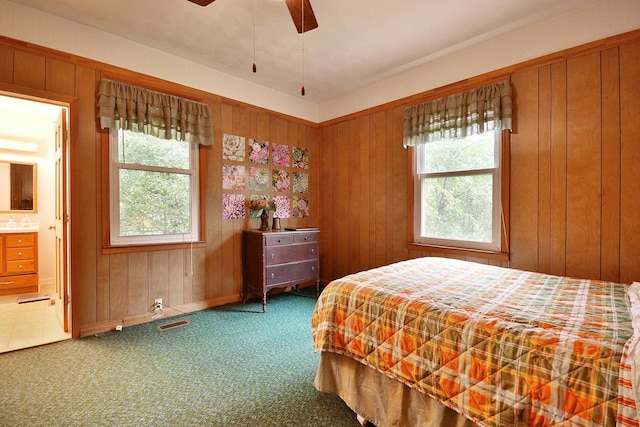 bedroom with carpet floors, wood walls, ceiling fan, and ensuite bath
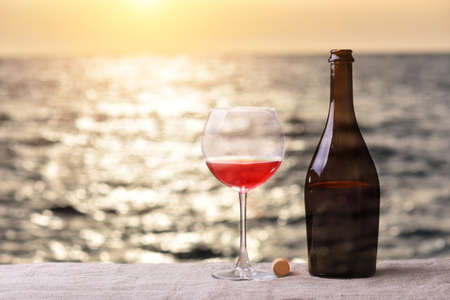 Bottle and glass of red wine on the linen table against the sea or ocean on sunsetの写真素材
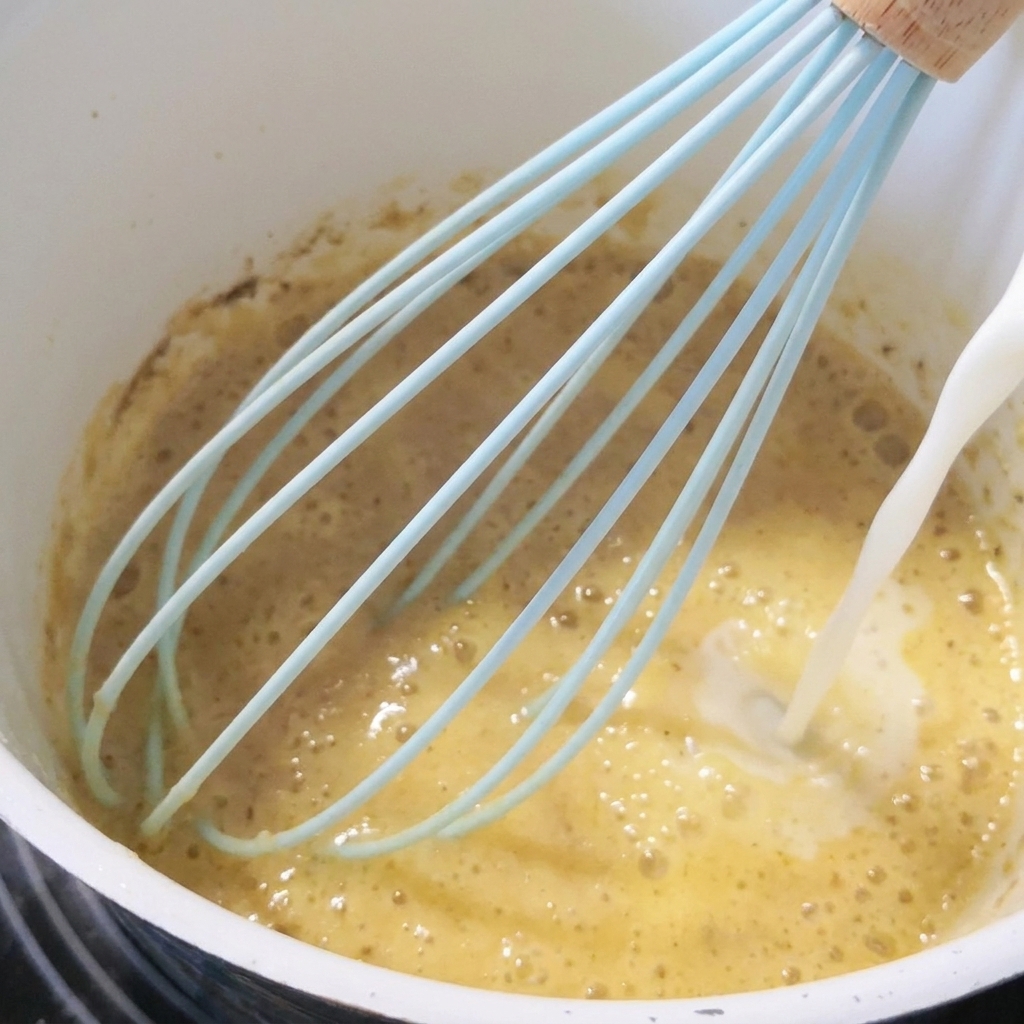 Milk being poured into the roux while whisking.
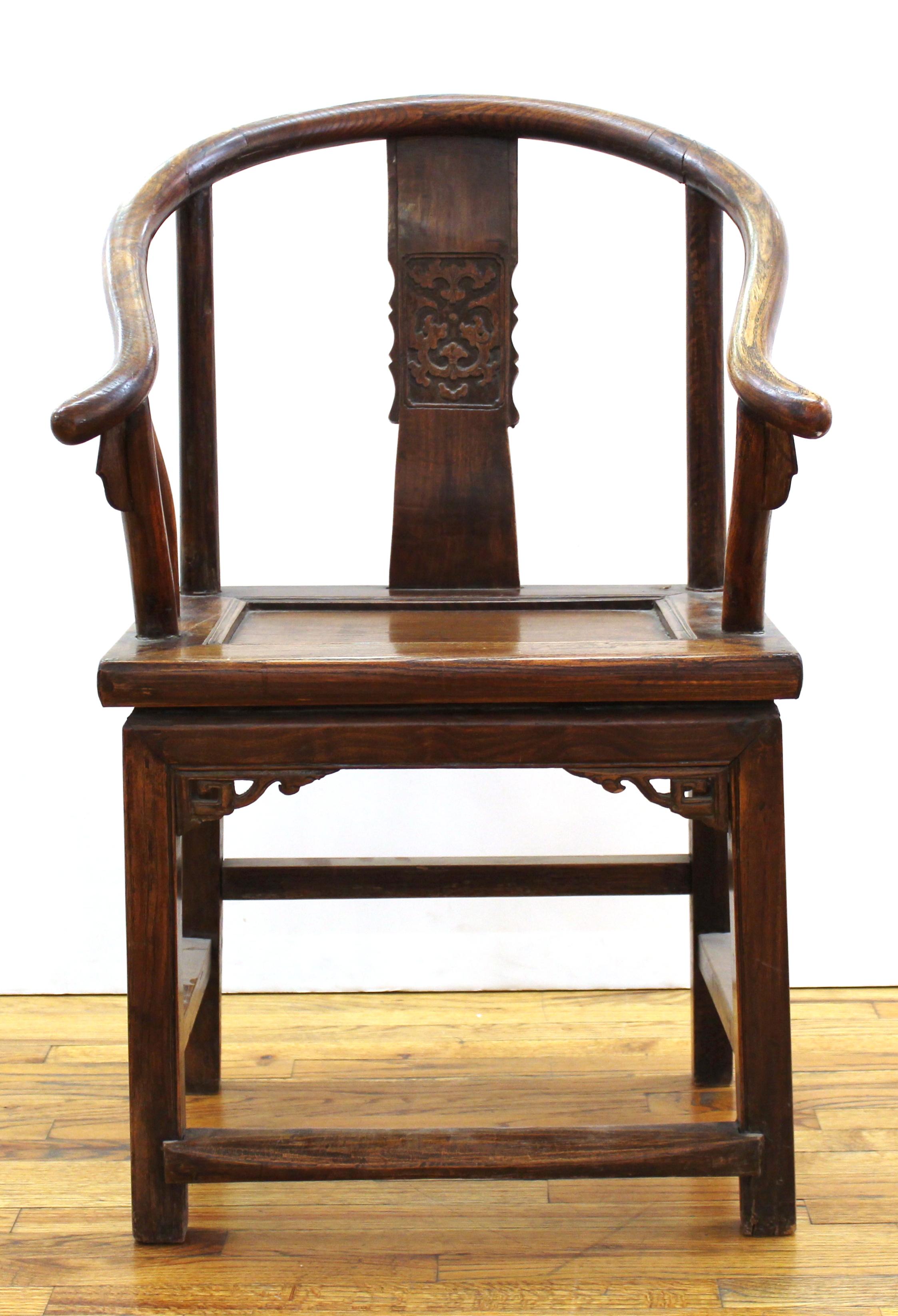 Chinese antique horseshoe back armchair in carved wood. Jian Ding export seal on back of seat.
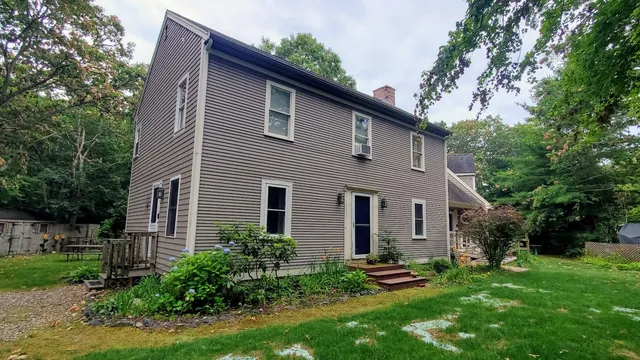 a front view of a house with a garden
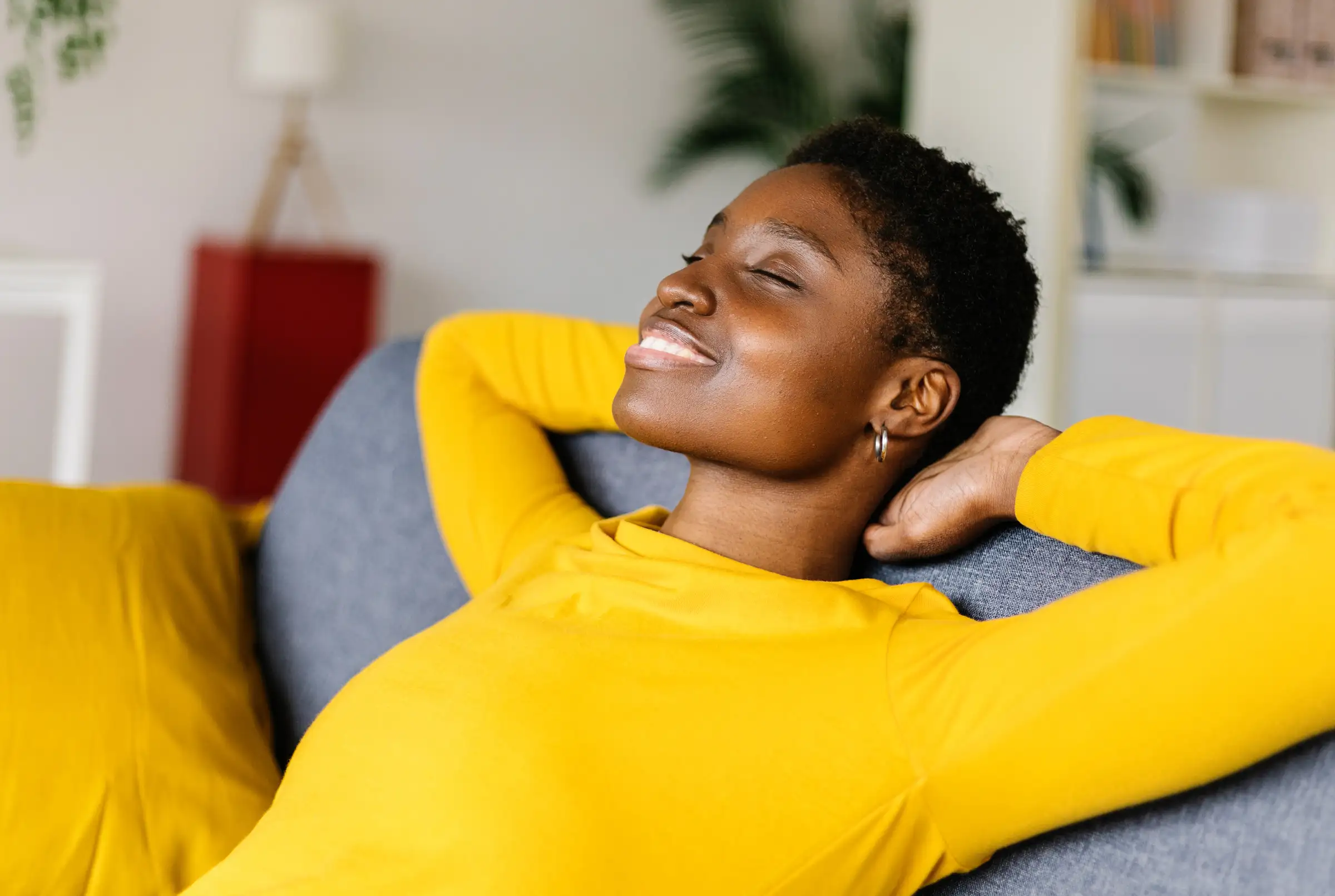 Young african american woman relaxing on a sofa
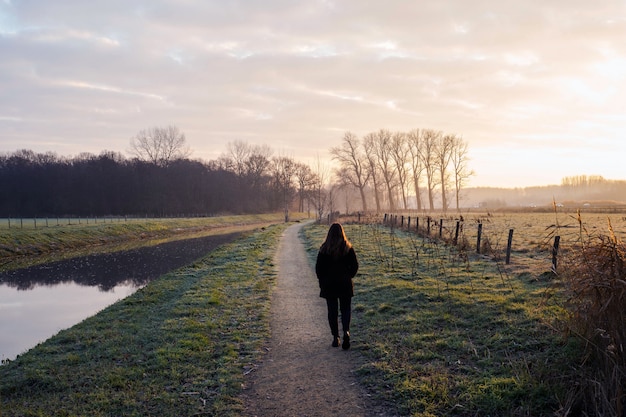 Joven camina en un día frío junto al río en la puesta de sol, fondo hermoso paisaje colorido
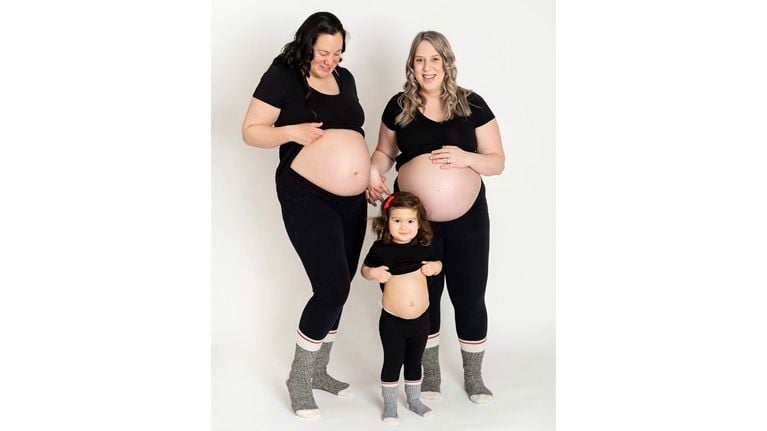 Natasha (left) with her wife, Cara, and their daughter, Alyssa.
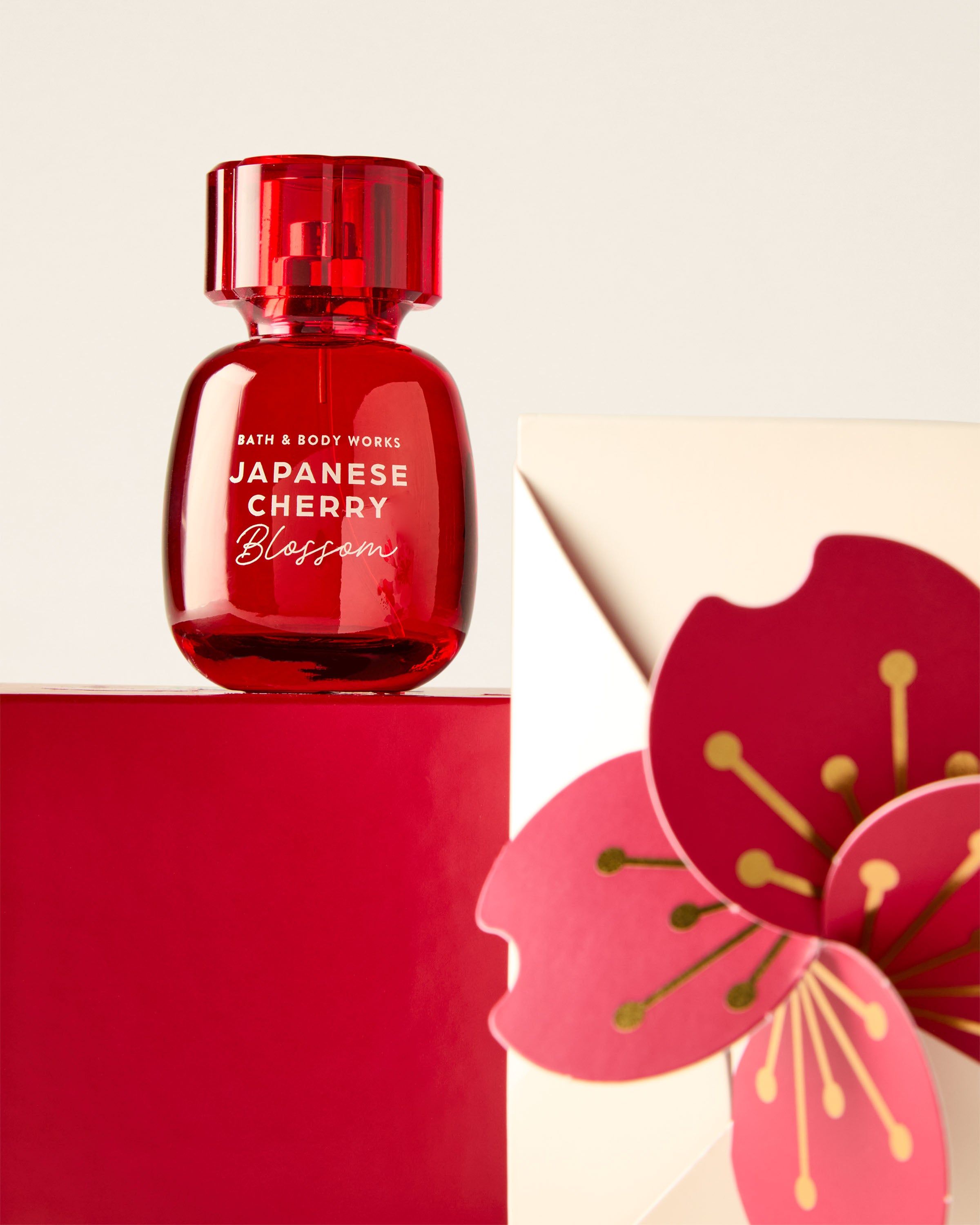 Červená parfémová voda Bath & Body Works Japanese Cherry Blossom na červeném podstavci s květinovým motivem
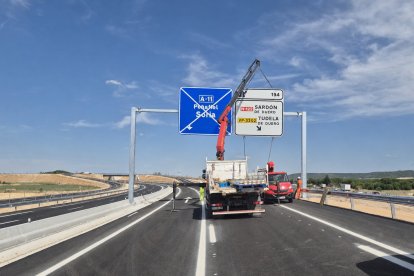Momento en que los operarios cambian los carteles informativos de la A-11 para colocarlos como deberían estar.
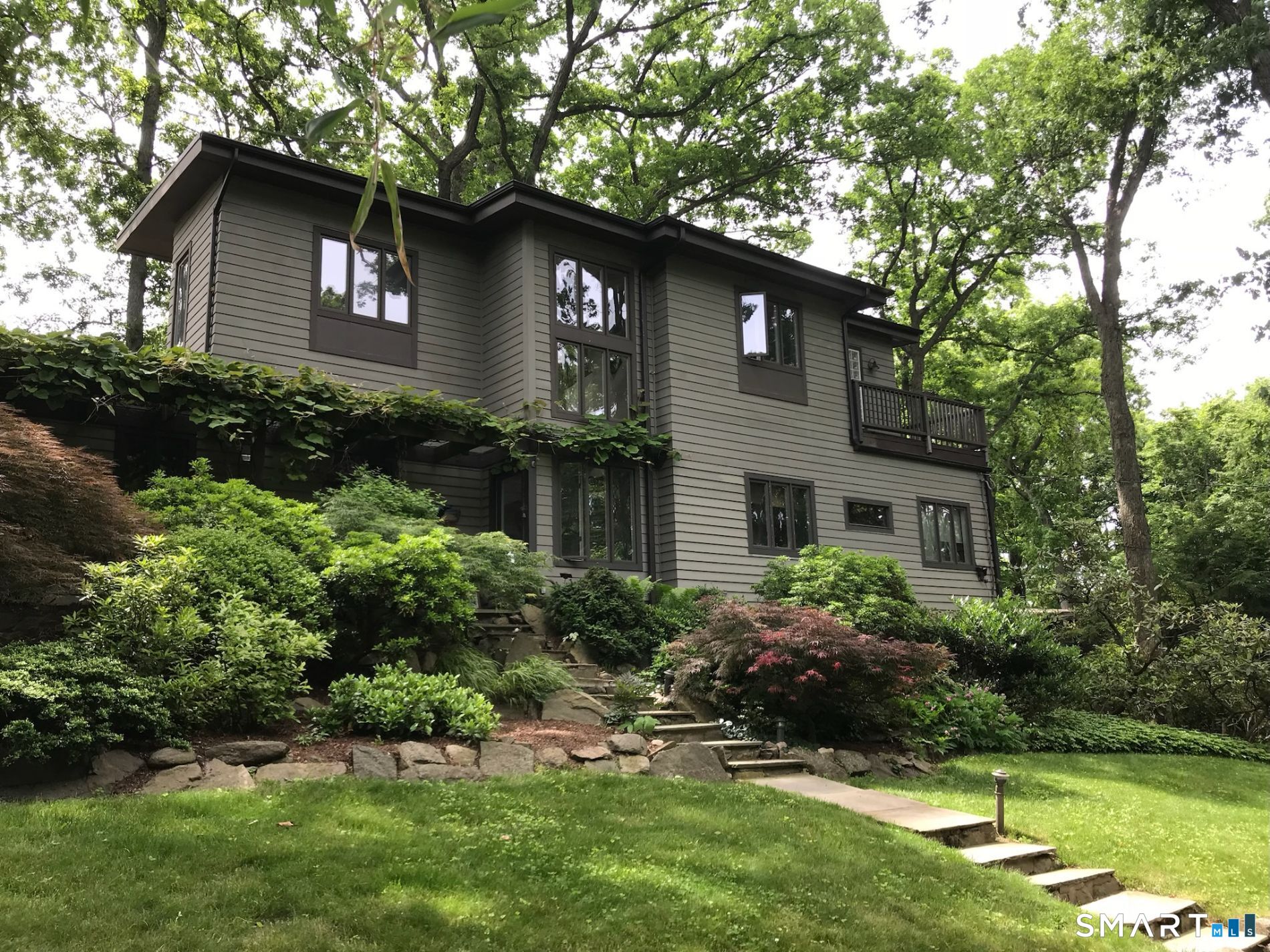31 Splitrock Road Norwalk, CT 06854 - Photo 2 of 38 a front view of a house with a yard and garage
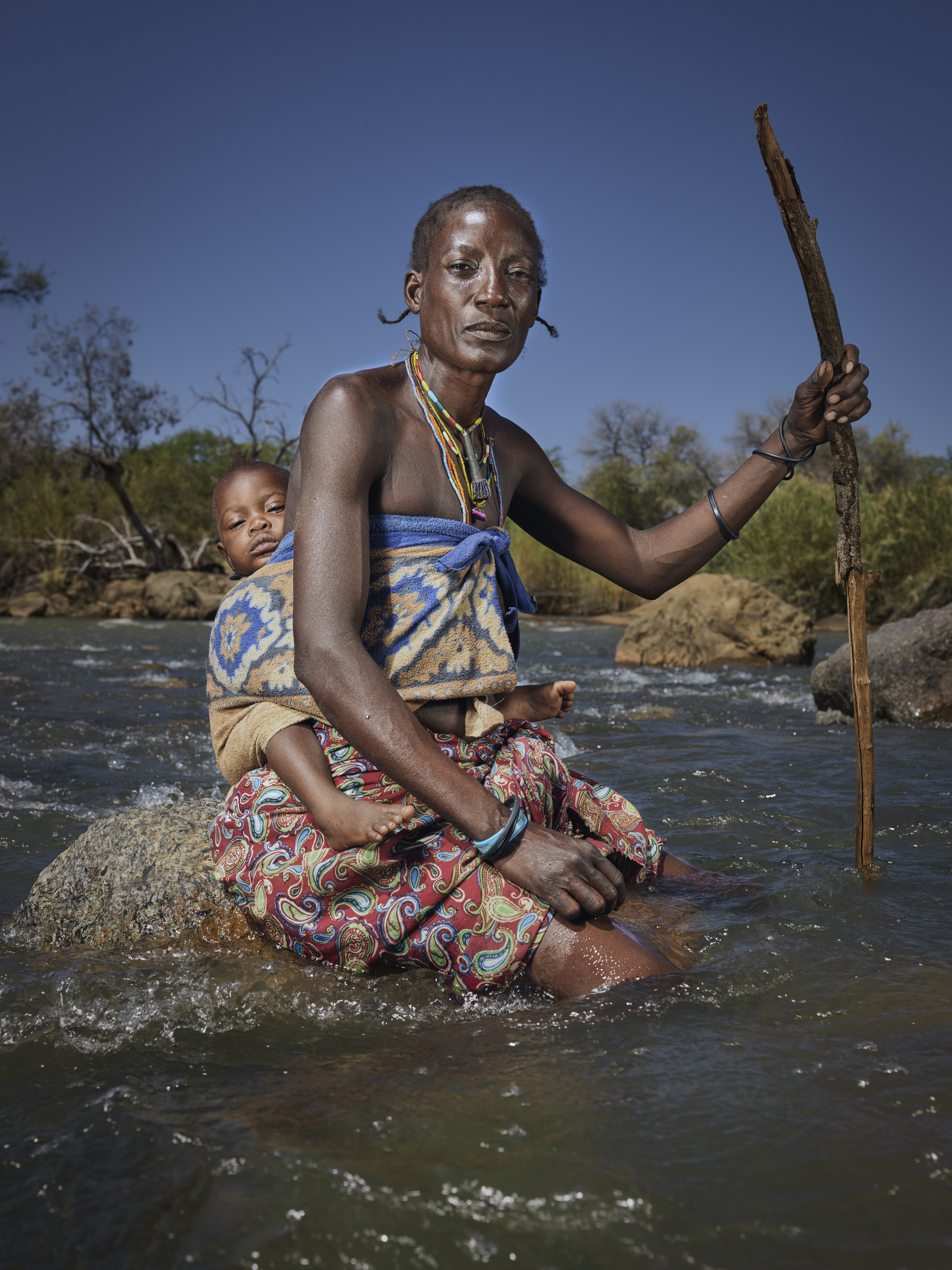 A photo of a woman with a child strapped to her back as they cross the river to get to Namibia from Angola.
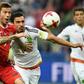 Russia forward Fedor Smolov (L) vies for the ball against Mexico defender Diego Reyes during the 2017 Confederations Cup group A match in Kazan on June 24, 2017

▶ [WORK REQUIRED]: I would like an exact copy of the lines from the one holding "31 Splitrock Road" through the last line of the entries above, with the pictures left out.

▶ [EXERCISE ANSWER]:
31 Splitrock Road Norwalk, CT 06854 - Photo 2 of 38 a front view of a house with a yard and garage
 A photo of a woman with a child strapped to her back as they cross the river to get to Namibia from Angola.
 Russia forward Fedor Smolov (L) vies for the ball against Mexico defender Diego Reyes during the 2017 Confederations Cup group A match in Kazan on June 24, 2017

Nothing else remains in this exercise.